The great thing about this book was it was like a character revival. All the main, good characters from the last books came back at some point in this book, minor and major parts, such as Flaccus, Pulchra, Diana. to name a few. It was nice reunion actually, and helped me remember the events in the last books. 

The language is quite simple compared to other books in this genre but it is densely backed with historical Roman mentions like food, treatments, names of places, old names for things - the list continues. As you read throughout the series, you learn some of the words meanings, and there are descriptions sometimes to help you understand what it is. However, the thing that helps the most is Aristo's Scroll at the back with meanings for the words. Aristo is the handsome, Greek tutor for the children in the book - he is one of my favourite characters in it and appears in nearly all of the books. The chapters normally end on some kind of cliffhanger or decision being made.
There were so many surprises and twists in the story in this one, more than the other books. It really keeps you on your toes and makes it much more exciting. 

The story begins unusually for the Roman Mysteries with Flavia getting ready for her wedding, three years after the Roman Mysteries was set. However, this is kind of a flash forward and then the story begins when Flavia explains their last mystery. It ends by going back to the wedding where you find out who is it she is getting married to which I must say, all Roman Mysteries fans will approve of, I'm sure. The romance between her and the guy she marries is slightly cheesy in my opinion and may not have been said in those days but it fits. Nubia also gets married within the book at one of the most unexpected moments, I must say, although fans will approve of her husband too. 

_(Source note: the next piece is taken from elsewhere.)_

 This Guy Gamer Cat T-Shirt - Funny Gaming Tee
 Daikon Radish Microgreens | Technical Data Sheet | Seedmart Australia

The mystery is nicely done where the reader always thinks they know, and then they are proven otherwise. There have only been a handful of times where I guessed the culprit before the characters did and in this book, that didn't happen at all. The only part that annoys me is that the mystery wrapped up too easily for me, but that may be just me. 
The only downside to these books is Jonathan. I do not like him at all, he gets on my nerves a lot. In this book, I think I enjoyed it more because he wasn't in it until nearer the end and I preferred the conversation of the other three together more than him. This is probably just my opinion but for me, he's too negative and grumbly. 

This is lovely historical book with lots of unique, exciting things to read about with some amazing characters that I have got to know over the last seven years, it is sad to see the end of the series, even with some loose ends still there, although I think I can guess the outcome. I hope they do crop up in other books like Lawrence says in the Author's Note. This is a great end to a great series of books and makes me love the fact I am doing Classical Civilisation in September even more - this book makes me want to revisit the old books in the series. 
Verdict: A lovely end - but read the rest of the books first.

I give it a 5 out of 5

Author's Website:
Pages: 262
Publisher: Orion
Challenges: Historical Fiction Challenge

There was a TV adaptation of these in England for CBBC which was alright.